Tuesday, 2 May 2023


Adjournment

LGBTIQA+ health care


LGBTIQA+ health care

Tim READ (Brunswick) (19:15): (137) My adjournment matter is for the Minister for Health, and the action I seek is that she work with the Royal Australasian College of Surgeons, the Australian Professional Association for Trans Health and public hospitals to develop a public surgical service for gender-affirming surgery in Victoria. I spoke recently with a constituent who expressed their frustration at the current unavailability of gender-affirming surgery in Victoria despite the government claiming to support the healthcare needs of trans people in the public health system. As it stands, trans people can only have this important surgery through expensive private health care or by going overseas, often to Thailand, and for many this is impossible. Not every trans person wants gender-affirming surgery, but those who do face long waits, often over a year, and pay tens of thousands of dollars for private treatment.

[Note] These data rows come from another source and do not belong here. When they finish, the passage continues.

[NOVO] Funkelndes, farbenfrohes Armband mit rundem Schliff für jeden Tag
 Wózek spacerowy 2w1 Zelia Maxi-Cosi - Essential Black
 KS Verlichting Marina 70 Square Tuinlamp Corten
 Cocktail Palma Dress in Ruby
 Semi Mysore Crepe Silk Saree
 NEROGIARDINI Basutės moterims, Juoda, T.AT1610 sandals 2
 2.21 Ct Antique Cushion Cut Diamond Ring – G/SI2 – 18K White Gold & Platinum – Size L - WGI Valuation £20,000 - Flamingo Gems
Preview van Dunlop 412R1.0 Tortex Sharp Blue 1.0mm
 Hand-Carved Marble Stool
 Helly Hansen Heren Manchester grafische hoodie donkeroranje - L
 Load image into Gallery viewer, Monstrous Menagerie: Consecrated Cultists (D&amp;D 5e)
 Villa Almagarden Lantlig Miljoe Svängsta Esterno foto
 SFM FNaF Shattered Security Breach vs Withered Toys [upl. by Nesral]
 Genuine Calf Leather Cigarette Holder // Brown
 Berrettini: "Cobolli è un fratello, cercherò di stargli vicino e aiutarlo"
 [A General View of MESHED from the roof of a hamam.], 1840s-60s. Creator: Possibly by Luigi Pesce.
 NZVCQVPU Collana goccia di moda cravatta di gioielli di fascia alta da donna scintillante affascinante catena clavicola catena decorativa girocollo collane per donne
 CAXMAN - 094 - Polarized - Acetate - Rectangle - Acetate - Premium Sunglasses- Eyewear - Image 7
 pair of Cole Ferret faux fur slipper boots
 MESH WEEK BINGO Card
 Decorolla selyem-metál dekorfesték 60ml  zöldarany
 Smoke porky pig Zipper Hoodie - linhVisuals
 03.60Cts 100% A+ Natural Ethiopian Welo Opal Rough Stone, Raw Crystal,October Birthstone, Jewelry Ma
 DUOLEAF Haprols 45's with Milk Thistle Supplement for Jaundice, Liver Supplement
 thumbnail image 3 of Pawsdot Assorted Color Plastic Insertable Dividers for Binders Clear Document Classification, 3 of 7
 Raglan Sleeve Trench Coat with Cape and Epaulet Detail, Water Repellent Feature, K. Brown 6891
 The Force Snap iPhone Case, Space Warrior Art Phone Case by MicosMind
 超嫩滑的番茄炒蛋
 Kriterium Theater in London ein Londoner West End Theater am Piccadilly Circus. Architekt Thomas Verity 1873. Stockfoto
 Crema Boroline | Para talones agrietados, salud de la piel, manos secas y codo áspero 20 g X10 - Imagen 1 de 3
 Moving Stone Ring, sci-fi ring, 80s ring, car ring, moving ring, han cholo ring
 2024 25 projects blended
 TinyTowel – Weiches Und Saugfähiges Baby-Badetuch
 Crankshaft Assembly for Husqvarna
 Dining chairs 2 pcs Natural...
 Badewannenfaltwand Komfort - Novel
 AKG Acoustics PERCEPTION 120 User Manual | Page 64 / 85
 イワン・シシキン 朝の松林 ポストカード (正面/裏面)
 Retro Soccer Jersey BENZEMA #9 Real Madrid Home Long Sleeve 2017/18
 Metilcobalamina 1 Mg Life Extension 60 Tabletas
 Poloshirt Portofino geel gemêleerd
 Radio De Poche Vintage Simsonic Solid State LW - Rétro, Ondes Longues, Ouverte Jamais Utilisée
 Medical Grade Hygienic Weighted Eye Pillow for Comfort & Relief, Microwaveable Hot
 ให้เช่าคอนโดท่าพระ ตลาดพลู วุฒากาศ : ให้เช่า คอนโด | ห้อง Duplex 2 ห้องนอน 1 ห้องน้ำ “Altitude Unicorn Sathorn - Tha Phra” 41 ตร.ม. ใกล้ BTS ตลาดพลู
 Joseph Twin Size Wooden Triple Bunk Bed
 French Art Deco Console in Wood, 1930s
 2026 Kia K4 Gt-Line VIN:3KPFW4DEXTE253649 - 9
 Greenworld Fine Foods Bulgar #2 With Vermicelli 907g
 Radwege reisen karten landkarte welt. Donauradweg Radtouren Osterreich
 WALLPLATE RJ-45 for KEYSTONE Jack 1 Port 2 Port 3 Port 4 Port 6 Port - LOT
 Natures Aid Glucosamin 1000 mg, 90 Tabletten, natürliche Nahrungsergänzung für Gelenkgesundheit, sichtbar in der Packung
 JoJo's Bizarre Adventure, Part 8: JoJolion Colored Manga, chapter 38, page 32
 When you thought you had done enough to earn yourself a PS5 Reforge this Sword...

There are only a handful of surgeons across Australia providing gender-affirming genital surgery, each with long waiting lists of patients both booked for surgery and booked for presurgery consultations. Waiting times are so long that private surgical care in Australia is effectively unavailable for most, and I am not aware of any public surgical care in Victoria. This has resulted in massive waiting lists extending, and that can be enormously distressing and have detrimental impacts on the mental health of trans people, sometimes very seriously so. This has resulted in many trans people seeking gender-affirming surgery overseas, which poses its own risks, particularly for those with postoperative complications, which can be challenging for local surgeons who are not experienced in this field. More must be done to make gender-affirming surgery accessible for Victoria’s trans community. Alongside the significant costs, a lack of qualified surgeons practising gender-affirming genital surgery remains one of the largest barriers to accessing this health care. Not all gender-affirming surgery is genital, and surgeons working in the public system are already skilled in breast surgery and hysterectomy, so these could already be provided in the public system. It is not enough for the government to say they care about trans health. Care means action, and that means training and employing surgeons in a public service sufficient to meet demand.